On Oct. 5, there were poignant and tearful goodbyes with team members, residents and community members, and the exciting announcements that $18,000 was raised in Tim’s honor within the Glenmeadow family for our Team members Education Fund, which makes scholarship funds available for employees returning to school. And the largest gathering room, formerly known as Great Hall, has been renamed Timothy V. Cotz Hall.
“I am so grateful for the opportunity to have worked at Glenmeadow,” Tim told us on his last day, before he and his husband, Ken Moffett, were whisked away in style on a decked-out golf cart. “I have grown professionally as well as personally because of my interactions with Board members, residents and team members. What a magnificent experience! I can’t begin to recount the number of deep, meaningful friendships that I have formed here.”
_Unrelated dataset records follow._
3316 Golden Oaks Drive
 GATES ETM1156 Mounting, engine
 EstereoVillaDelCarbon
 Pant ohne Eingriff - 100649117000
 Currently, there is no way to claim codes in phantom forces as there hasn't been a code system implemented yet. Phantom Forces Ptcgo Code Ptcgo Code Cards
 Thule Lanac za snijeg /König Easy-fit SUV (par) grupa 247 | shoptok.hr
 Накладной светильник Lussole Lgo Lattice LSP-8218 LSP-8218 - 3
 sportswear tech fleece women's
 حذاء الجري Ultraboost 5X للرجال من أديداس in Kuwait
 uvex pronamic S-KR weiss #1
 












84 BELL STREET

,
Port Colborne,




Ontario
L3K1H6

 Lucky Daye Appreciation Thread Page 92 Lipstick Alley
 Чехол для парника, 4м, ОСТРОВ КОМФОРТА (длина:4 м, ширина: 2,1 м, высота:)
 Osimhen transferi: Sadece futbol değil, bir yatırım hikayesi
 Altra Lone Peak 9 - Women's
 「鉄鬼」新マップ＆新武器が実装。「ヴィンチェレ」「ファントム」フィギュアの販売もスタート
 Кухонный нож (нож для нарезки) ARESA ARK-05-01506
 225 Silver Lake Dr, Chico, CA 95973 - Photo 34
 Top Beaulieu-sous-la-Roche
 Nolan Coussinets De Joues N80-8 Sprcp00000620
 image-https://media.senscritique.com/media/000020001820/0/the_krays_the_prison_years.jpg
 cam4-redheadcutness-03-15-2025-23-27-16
Tim says much has changed in the industry since he began work with us; residents are coming to the Life Plan Community later in life, they expect more in terms of quality, and they are healthier and more active.
Tim also noted that the nonprofit itself, known for its holistic mission and innovative programs and outreach to the wider community, has greatly expanded. Once offering services only to residents, the organization now provides services to people living across the greater Springfield area. Through such innovations as Glenmeadow at Home, the Lifestyle Pass and Glenmeadow Learning—all programs Tim helped found—area residents have access to services from transportation and care management to education.
“We serve more people who don’t live on site than we do who live on site,” Tim says. “By expanding the number of people we’re serving, we’re better able to fulfill our mission of meeting the needs of elders. That’s been a real positive.”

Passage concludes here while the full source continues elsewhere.